The goal of this initiative is to identify and develop a new generation of undergraduate Stanford students from across various educational disciplines – music, computer science, product design, economics and electrical engineering – for leadership roles in the ever-changing music business.
Each year, a select group of students in their junior year of study will participate in the program by taking a course co-developed with Warner Music Group. WMG is committed to an initial program period of five years.
"I am excited that this new collaboration will offer our students hands-on experience working in this fast-changing creative industry," said Matthew Tiews, Stanford's executive director of arts programs. "We hope the program will also bring out the skills, talents and entrepreneurial spirit of Stanford students from all disciplines in order to develop new approaches and leadership in this field."
How it works
Year one of the program begins now with the admission process.
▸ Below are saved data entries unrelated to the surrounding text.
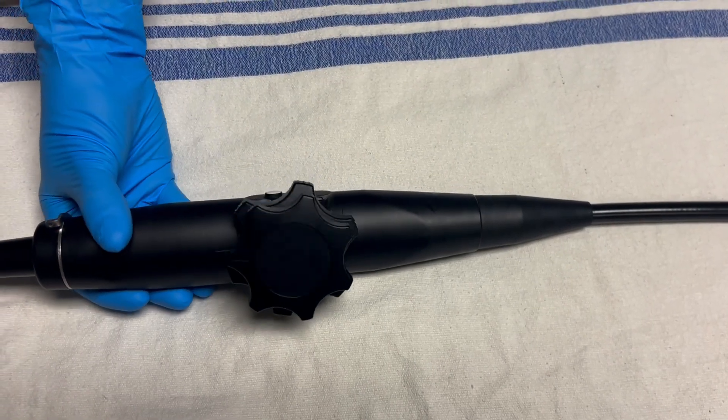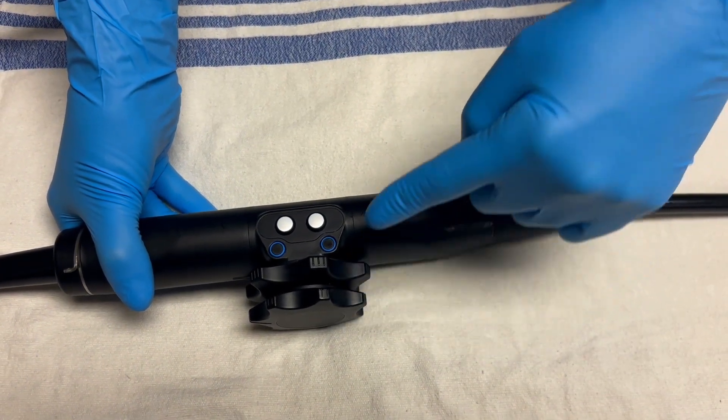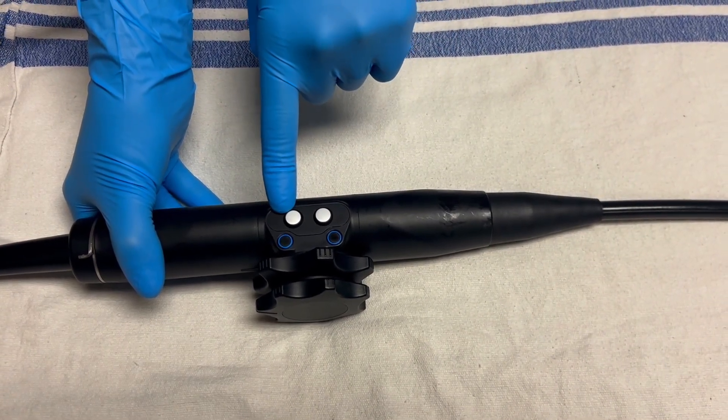Here is the control handle, which you will hold and manipulate as you perform the echo. There is an outer wheel, an inner wheel, as well as two buttons. Many probes also have a locking mechanism for the wheel.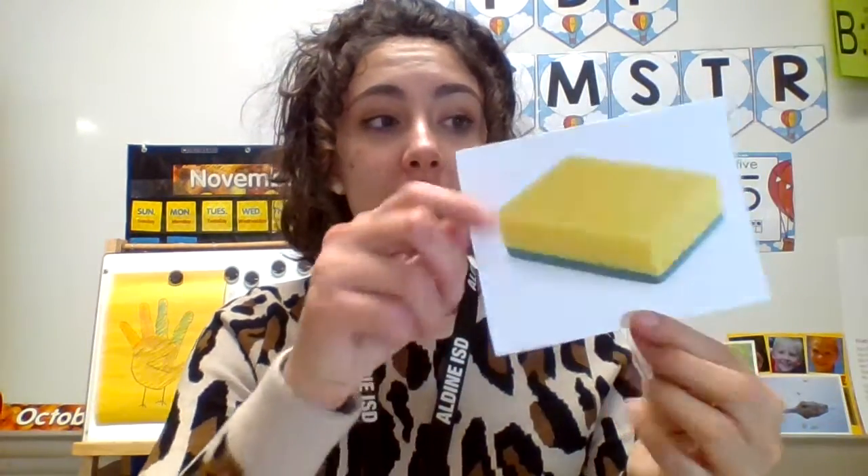Great job. Moon. Say moon. Moon starts with the mm sound. This is a sponge. Say sponge. Sponge starts with the S sound. Marker. Marker starts with the M sound. Great job.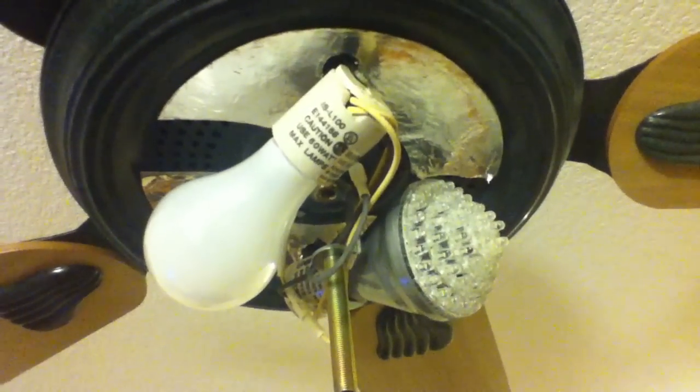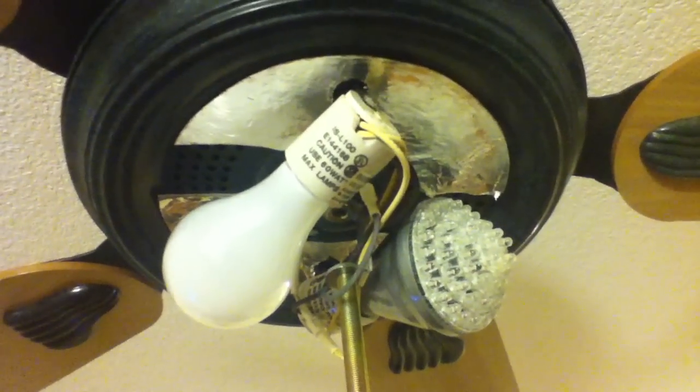I replaced one of the incandescent light bulbs with an LED light bulb, and this shows that the flickering is gone. I waited for a long time and the flickering did not return.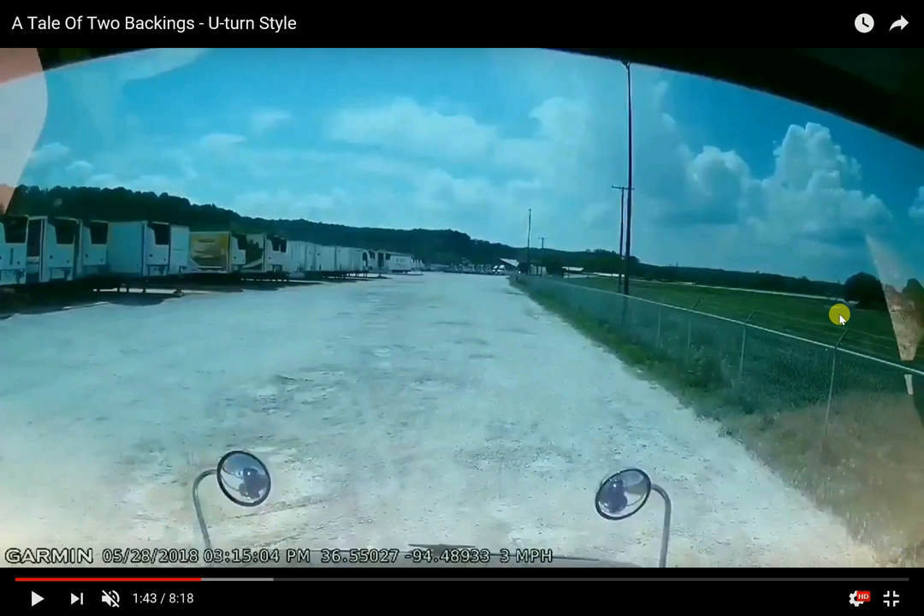Where you start your setup from also depends on where your tandems are positioned. In this case my tandems were further up. Normally when your tandems are all the way back you want to start your setup turn later than normal, because when your tandems are all the way forward you're normally at about the 39-foot mark from the kingpin to the rear axle, but when they're all the way back they're more like 47 feet — about an 8-foot difference, or a little more than half a lane.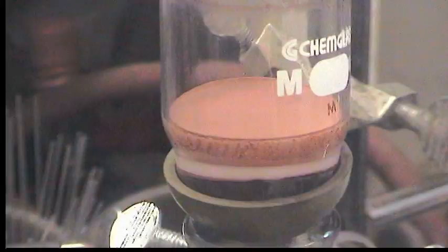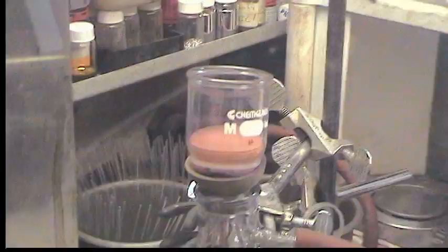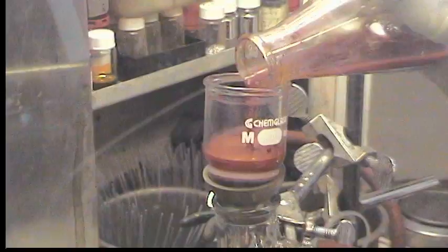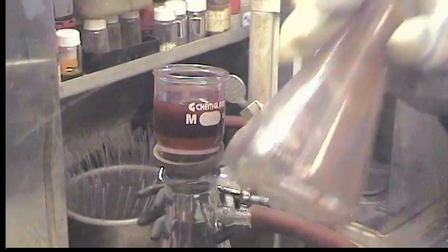So that's the product and we're going to wash it twice with THF, maybe three times, we'll see. Get rid of all that purple stuff. And also tin dichloride has solubility in THF.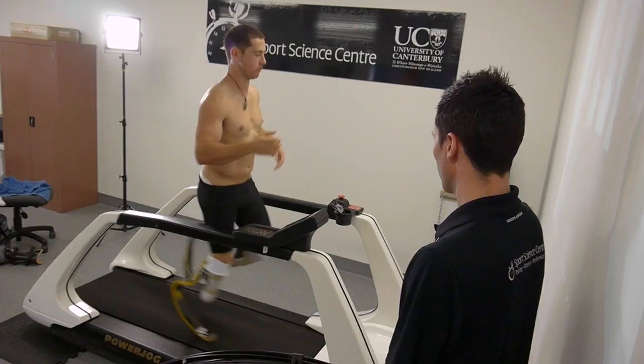The University of Canterbury — it's a good place for students to come and you think it's a pretty good university? Yeah, absolutely. This year has been, without a doubt, one of the most enjoyable years of my life.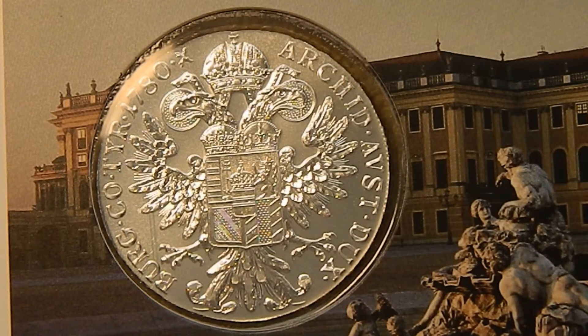These were originally minted between 1740 and 1780 during her reign. After her death in 1780, they decided to continue minting these coins, so all of the ones that you see like this are re-strikes and they all bear the 1780 year.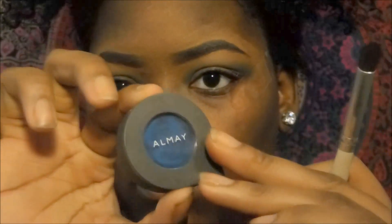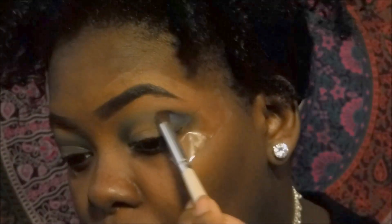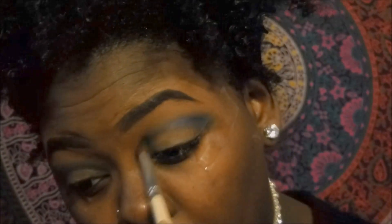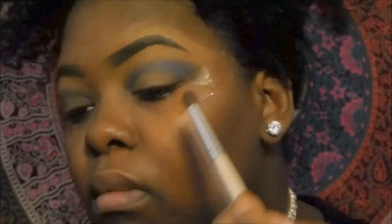Now I'll be taking the All-Made eye shadow in the color Midnight Sky and I'll be going over the blue that I just put down. I'm using this one because it is a more intense blue and I just want to make that blue pop a lot more.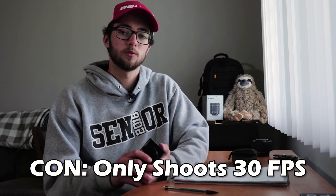Moving on to cons: I don't like that this thing only shoots at 30 frames per second. I normally shoot at 24 frames per second, so knowing this shoots at 30 frames bugs me a little bit. I had to shoot a video using this camera and had to record in 30 frames per second because of that.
Juniors are invited to apply before Jan. 30, 2015, for participation in this academic year.
The application consists of a resume, a transcript and a brief written expression of interest in participating, detailing experience and preparation and the type of professional experience the student is most interested in pursuing. A portfolio of relevant work (i.e., musical work, technical inventions, marketing campaigns, etc.) is optional.
The selection committee is chaired by Tiews and includes an interdisciplinary group of Stanford faculty and key staff from across the university. The committee will make preliminary decisions in February 2015, at which point Stanford will work with WMG to finalize the selection. This process will likely include an interview or other interface between students and WMG staff to determine fit, with final selection to be announced by March 2015
The program will have three required components, to take place in the following sequence:
- Students must complete, by the end of their junior year, the new course co-developed with WMG and to be offered starting in spring 2015 called Changing World of Popular Music. The course will feature a rotating group of guest artists and executives.
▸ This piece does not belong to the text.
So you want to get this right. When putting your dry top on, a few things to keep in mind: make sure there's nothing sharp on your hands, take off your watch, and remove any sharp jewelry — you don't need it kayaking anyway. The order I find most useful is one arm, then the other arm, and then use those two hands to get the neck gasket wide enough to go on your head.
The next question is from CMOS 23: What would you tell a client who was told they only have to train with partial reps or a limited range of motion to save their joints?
- Beginning summer 2015, participants will be given a 10-week paid "in-house" assignment with WMG or one of its program partners. By design, these summer assignments will be highly challenging and rewarding opportunities across the music industry, where technology is reshaping the future and innovation provides tremendous opportunities (and for which students will be eligible to receive $8,000).
- Upon returning to campus from summer assignments, students must begin work on intensive capstone projects designed to address opportunities for innovation and to be presented at the end of the senior year ($2,000 per student per project).